Ik wilde er niet meer zijn. Of nee, ik wilde niets zijn. Want niets wil niets en niets voelt niets. Maar ik was er en ik wilde en ik voelde. Waar zou ik nog een vrouw vinden die aan de Franse kust met mij zou slapen in mijn bus bij temperaturen onder nul, die ik in Ierland kon verrassen met een onaangekondigd bezoek en die samen met mij naakt zou paraderen in kleine stukjes paradijs?
Ik leerde dat er vragen zijn die een antwoord verdienen, maar dat nooit krijgen. Ik leerde dat verdriet kan voelen als een dolk die op willekeurige momenten in je buik gestoken wordt en in je maag wordt rondgedraaid. Niet te doen. Ik leerde dat missen soms het enige is wat je kunt doen. Ik leerde dat slapen de enige pijnloze bezigheid op een dag kan zijn. Ik leerde dat in mijn lijf een pavlovreactie plaatsvond bij het tegenkomen van haar spullen, het lezen van Zwolle op borden boven de weg en het oprakelen van zoete, doch pijnlijk geworden herinneringen. Ik leerde dat een koerier die na een lange dag op weg is naar vrouwelijke geborgenheid een andere is dan de koerier die op weg is naar niets.
‘Niet een handvol, maar een land vol’, er was echt iemand die dat zei. Een grotere miskenning van mijn emotionele toestand was niet denkbaar. Stompzinnigheid is hardnekkig, en soms verwijtbaar.
De broodnodige hulp kwam soms uit onverwachte hoek. Ik hield lijntjes met Leuven, Utrecht, Zutphen, Deventer en Zwolle. Of zij hielden lijntjes met mij. Ik ben ze er dankbaar voor.

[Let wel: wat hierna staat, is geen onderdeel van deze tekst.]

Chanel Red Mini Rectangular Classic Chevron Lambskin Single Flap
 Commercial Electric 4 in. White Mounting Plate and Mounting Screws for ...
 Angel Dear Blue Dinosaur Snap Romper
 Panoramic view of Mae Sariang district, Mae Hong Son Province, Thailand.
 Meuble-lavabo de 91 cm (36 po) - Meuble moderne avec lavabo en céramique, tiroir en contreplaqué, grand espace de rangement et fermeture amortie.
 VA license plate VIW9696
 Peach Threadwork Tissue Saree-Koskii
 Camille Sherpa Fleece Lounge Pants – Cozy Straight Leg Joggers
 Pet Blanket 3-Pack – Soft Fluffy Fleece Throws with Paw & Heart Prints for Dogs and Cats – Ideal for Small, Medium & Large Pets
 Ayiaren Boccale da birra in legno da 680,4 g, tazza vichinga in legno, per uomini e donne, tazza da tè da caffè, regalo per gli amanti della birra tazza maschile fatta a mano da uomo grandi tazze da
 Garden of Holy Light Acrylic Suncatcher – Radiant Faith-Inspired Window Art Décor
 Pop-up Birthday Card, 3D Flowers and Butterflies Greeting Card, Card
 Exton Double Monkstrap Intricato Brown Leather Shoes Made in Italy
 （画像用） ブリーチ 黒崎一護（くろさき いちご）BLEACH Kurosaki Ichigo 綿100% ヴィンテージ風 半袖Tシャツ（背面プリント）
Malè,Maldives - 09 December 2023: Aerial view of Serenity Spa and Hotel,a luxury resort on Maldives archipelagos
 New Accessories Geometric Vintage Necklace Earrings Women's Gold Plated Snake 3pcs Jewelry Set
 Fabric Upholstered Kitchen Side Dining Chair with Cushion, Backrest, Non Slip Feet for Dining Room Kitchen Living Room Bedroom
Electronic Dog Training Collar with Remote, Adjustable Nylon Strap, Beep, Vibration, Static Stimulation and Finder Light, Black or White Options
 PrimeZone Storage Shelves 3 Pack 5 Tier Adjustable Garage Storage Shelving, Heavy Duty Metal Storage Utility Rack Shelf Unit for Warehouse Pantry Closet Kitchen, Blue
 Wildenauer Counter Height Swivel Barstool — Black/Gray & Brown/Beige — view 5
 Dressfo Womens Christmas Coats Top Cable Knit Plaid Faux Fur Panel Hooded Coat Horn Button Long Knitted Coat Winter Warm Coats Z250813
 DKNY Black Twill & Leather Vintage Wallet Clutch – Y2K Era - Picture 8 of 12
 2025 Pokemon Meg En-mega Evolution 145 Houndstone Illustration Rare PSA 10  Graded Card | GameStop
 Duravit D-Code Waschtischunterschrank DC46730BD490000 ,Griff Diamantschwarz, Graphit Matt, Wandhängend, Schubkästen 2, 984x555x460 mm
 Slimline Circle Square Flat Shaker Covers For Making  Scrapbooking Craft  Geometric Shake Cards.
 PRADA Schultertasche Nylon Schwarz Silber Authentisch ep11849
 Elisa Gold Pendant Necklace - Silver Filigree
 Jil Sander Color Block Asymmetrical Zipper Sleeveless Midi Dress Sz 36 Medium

En als ik door de overweldigende leegte verzwolgen dreigde te worden, dan was er Leonard Cohen, die met een krachteloze en doorrookte stem precies dat verwoordde, wat niet te verwoorden was. Versteende bloemen, een zee enkel van zand, mensen die je pijn deed en daarvan nooit zouden helen, een eindeloze nacht. Zo zou het zijn. En zo was het, verdomme.